Two weeks after Christmas we still have leftover Comté. Unbelievable but true. Because the doorstopper-sized hunk of 40 month cheese turned out to be terribly disappointing. It seems that age has just made it super salty instead of intensely umamilicious. It could be because I bought it from a new fromager who, erm, specialises in goat cheeses. So this monstrous chunk sat in the fridge, together with its soft brethren Brie which was even more of a lost cause, on the top shelf where I can see it as soon as I open the door, sending out waves of hope and expectancy. It was OK melted on top of some bruschetta, but we are on a post-holiday bread embargo. My usual way of eating Comté- like munching it on its own, in between meals and especially when watching television- is out of the question now.
But one day I had a brainwave. How about pairing it with dried apricots, a whole kilogram of which I had procured at the organic market at Raspail? The apricots are gorgeousness personified in their deep jewel-brown tones untainted by artificial orange colourings, and super-delicious, all sweet, meaty and warm, like the sun. I chopped up some, and tasted. Bham! A pairing made in heaven, they are so perfectly matched. The sweet playing off the salty, the full bodied fruit making up for lack of it in the cheese, finishing with a pleasantly gritty salt crunch. Not the most novel pairing, but I've never had it so in sync. No wonder then that Mimi was waiting by my side, hoping for some cheese to fall off by accident.

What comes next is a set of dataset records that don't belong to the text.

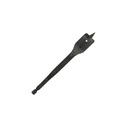 Broca para madera tipo paleta 7/8"x6" dewalt dw1580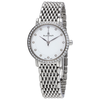 Blancpain Ultraplate Ultra Slim Automatic Ladies Watch 6102-4628-MMB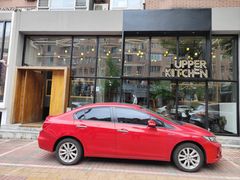 -UPPER KITCHEN(延安路店)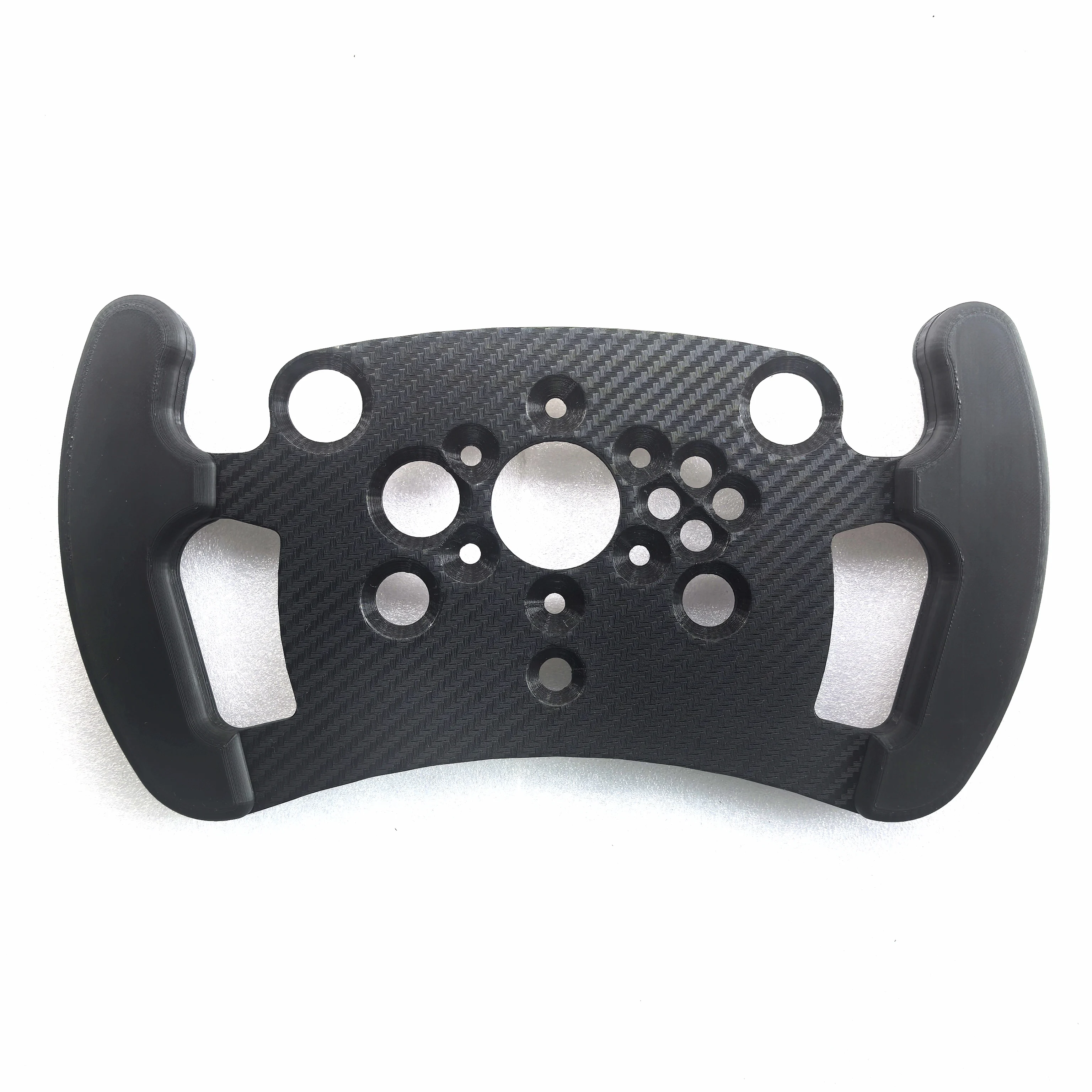 Thrustmaster T300 RS GT EDITION FOR PLA… Customized 3D Printed PLA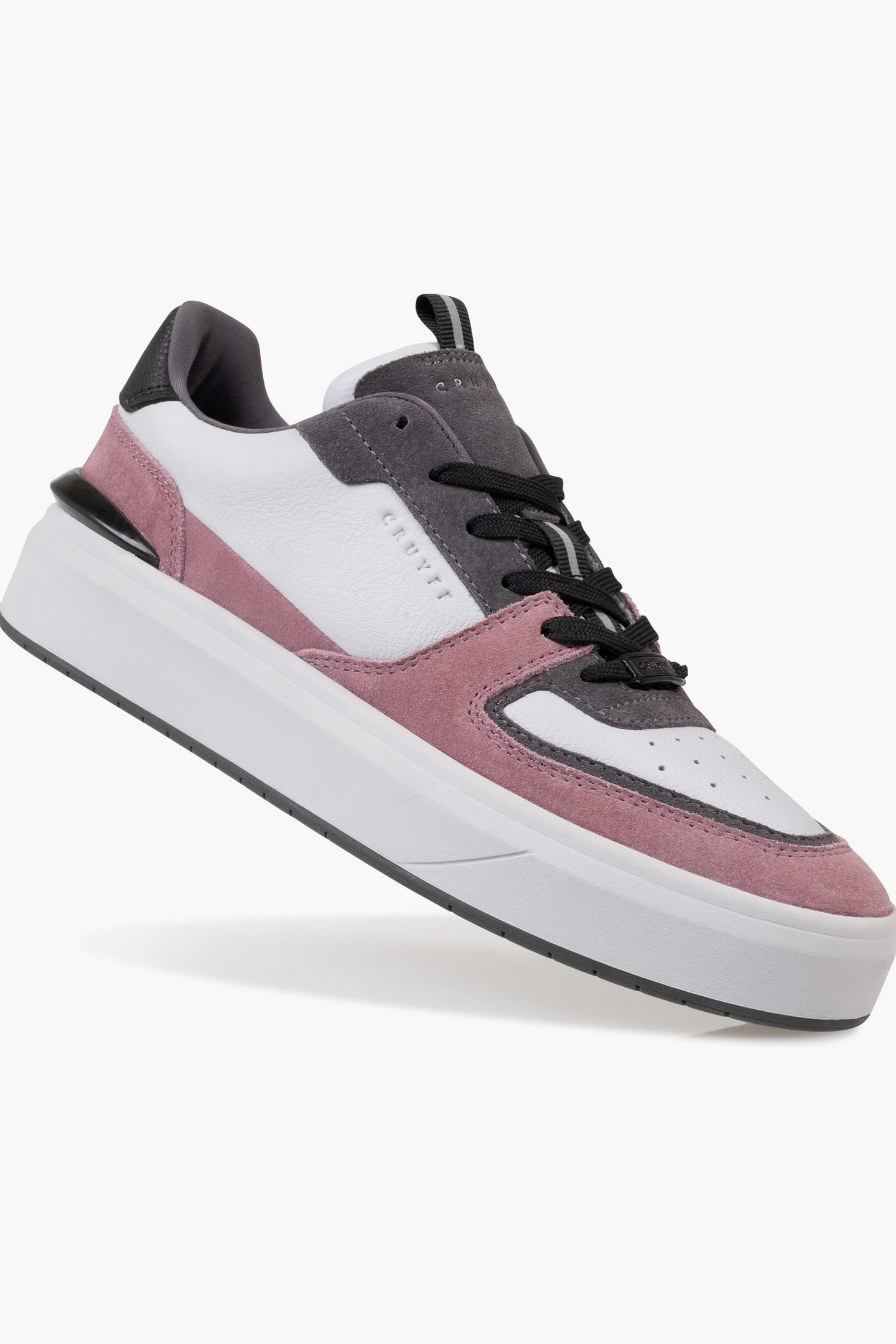 SUREFIRE TENNIS LT. GREY/GRAPE 5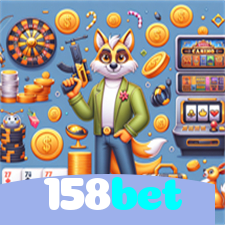 158bet:O melhor cassino para apostar no futebol e ganhar em jogos de cassino!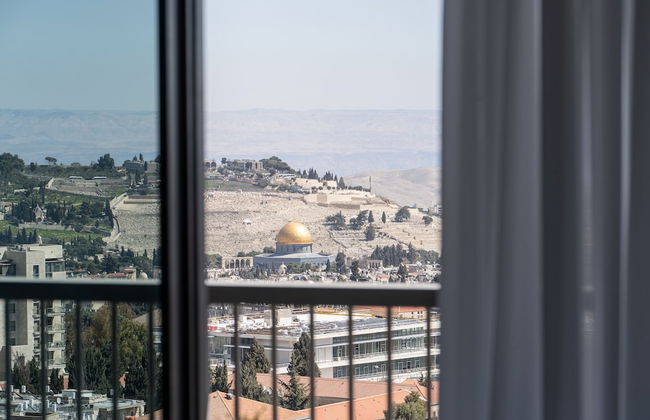 Savyon View Tower Isrentals - Foto 43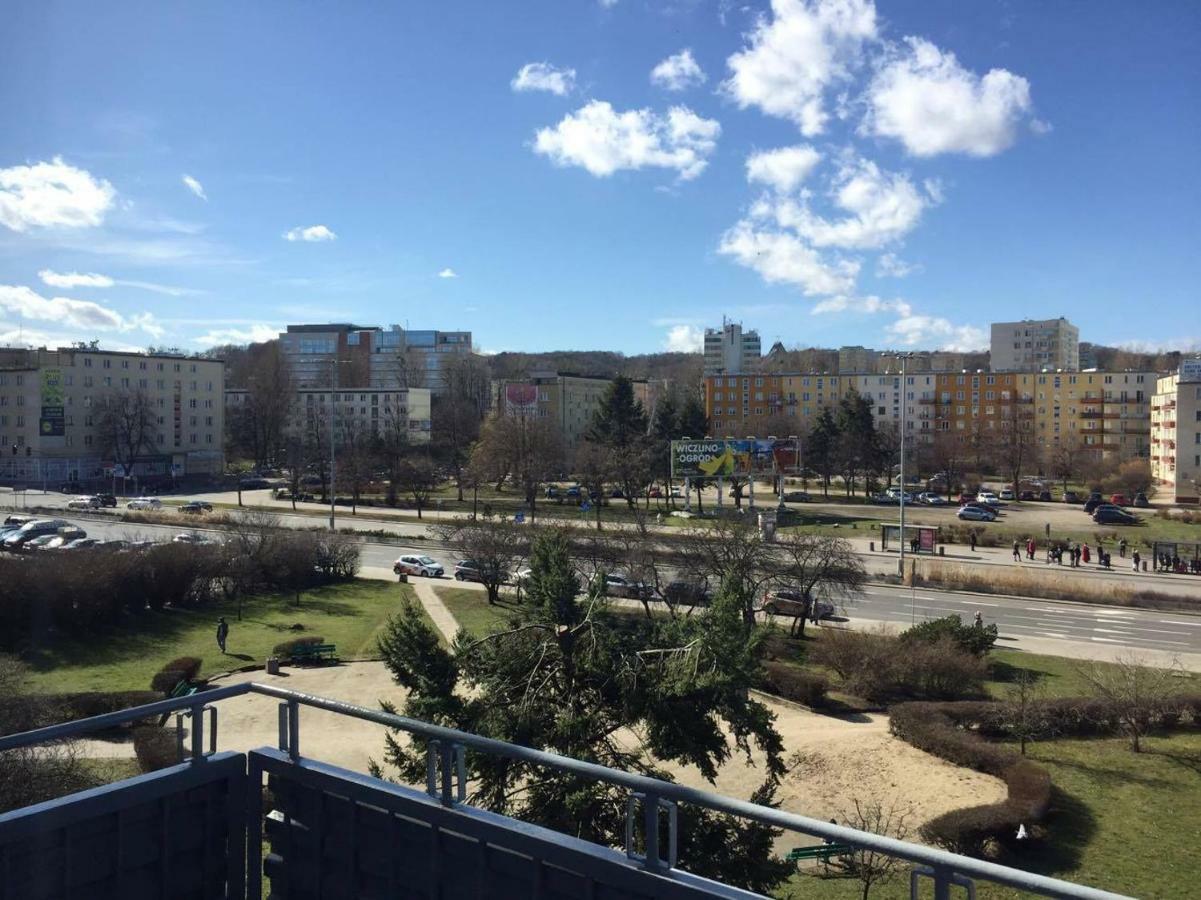 Apartament No.1 غدينيا المظهر الخارجي الصورة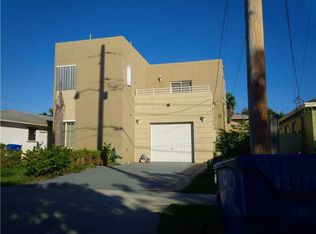 1911 SW 48th Ave, West Park, FL 33023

Donc, quoi de neuf? What else is new? Not much. We're still feeling very full from all that eating in December. All that crabs, the multiple forays to Nasi Kandar Pelita (KL) for roti canai, the double bowls of beehoon-pok at Lai Heng and that blowout on Christmas Day has taken its toll. The only remedy is healthier eating which means more soups and vegetables, and less of the féculants (French for starch, doesn't it sound so very bad?) and deep fried anything.
It started with the Salade Toute Orange at Delicabar in Bon Marché, which every other table was also ordering. Served in a deep orange plastic bowl, the salad mixes clementines, shards of carrots, boiled lentils and emmenthal cheese, the whole pile topped off with an orangey nutty dressing that could well have contained more emmenthal. Delicious and a perfect antidote to a Figue Farcie au Foie Gras, which is a whole poached fig stuffed with creamy foie gras mixture, available in the food hall downstairs at only 2.50 euros a pop, crazy!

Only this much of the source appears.